Structures of Physiological Interest in the Frog Heart Ventricle | Journal of Cell Science

Summary

Twee structuren van fysiologisch belang in kikkerhartventrikels zijn in detail onderzocht: (a) de laag van endotheelcellen die elke bundel hartvezels omsluit, en (b) het sarcoplasmatisch reticulum (SR) binnenin de hartvezels. Er zijn enkele aanvullende waarnemingen gedaan over de grootte en het type van de vezels.

De verplaatsing door de endotheelcellaag van moleculen (moleculaire of ionische grootte ≤ 12,5 nm) vindt plaats door nauwe spleten die elke endotheelcel van zijn buurcel scheiden.

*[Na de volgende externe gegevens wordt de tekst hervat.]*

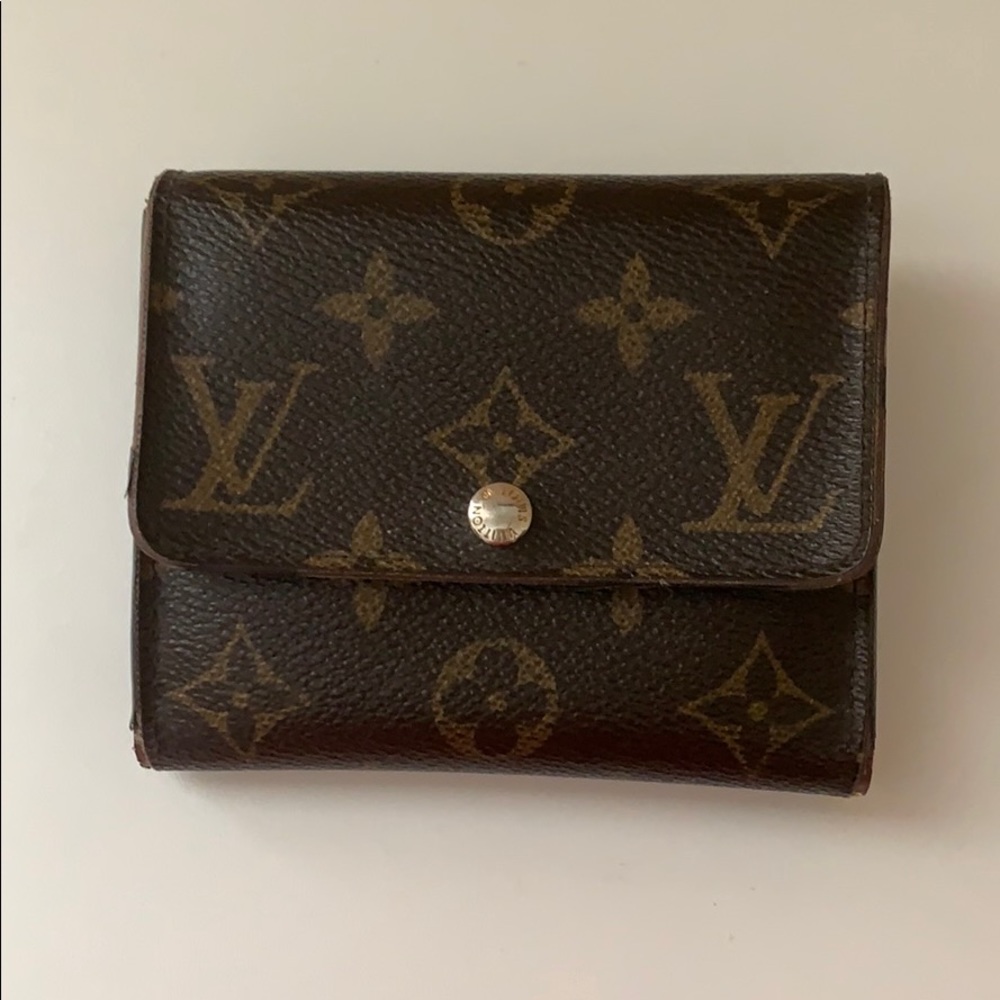 Louis Vuitton small wallet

Deze conclusie volgt uit experimenten met de extracellulaire markers ferritine en mierikswortelperoxidase.

Een diffusievergelijking die de beweging van opgeloste stoffen in en uit de vezelbundel beschrijft, is afgeleid met behulp van verschillende geometrische parameters, zoals de lengte en breedte van de spleten en de grootte van de extracellulaire waterige ruimte binnen de bundel, die alle zijn bepaald aan de hand van elektronenmicrofoto’s van het weefsel.

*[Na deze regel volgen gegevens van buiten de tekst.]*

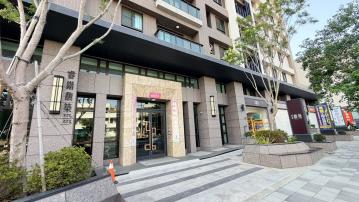 岡山買房買地 台中·龍井《睿鍇馥築》精緻兩房?成家首選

De theoretische oplossing voor een stapsgewijze verandering van de externe calciumconcentratie geeft een halveringstijd van 2,3 s (± 0,8 s, S.D. van 13 bundels) voor diffusie-evenwicht aan het oppervlak van de hartvezels; deze waarde is echter waarschijnlijk een overschatting, met ongeveer 20-30 %, als gevolg van verschillende systematische fouten die worden beschreven.

Het sarcoplasmatisch reticulum in de hartvezels bestaat uit een netwerk van dunne buisjes die de myofibrillen ter hoogte van de Z-lijn gedeeltelijk omsluiten en ook hier en daar in de lengterichting met elkaar verbinden. De vertakkingen strekken zich uit tot in de perifere gebieden van de cel en eindigen dicht bij het binnenoppervlak van het celmembraan. Het volume van de SR wordt geschat op ongeveer 0,5% van het myofibrillaire volume van de cellen.

Doorsnede-oppervlakten van hartvezels (en ook hun vorm) variëren aanzienlijk, van minder dan 2 tot meer dan 100 µm2 (gemiddeld 17,4 µm2).Vezels met een grote omvang en een kleine oppervlakte/volumeverhouding bevatten veel minder myofibrillen en meer glycogeenkorrels dan vezels met dezelfde omvang maar een grotere oppervlakte/volumeverhouding.

Physiologische implicaties van deze resultaten worden besproken.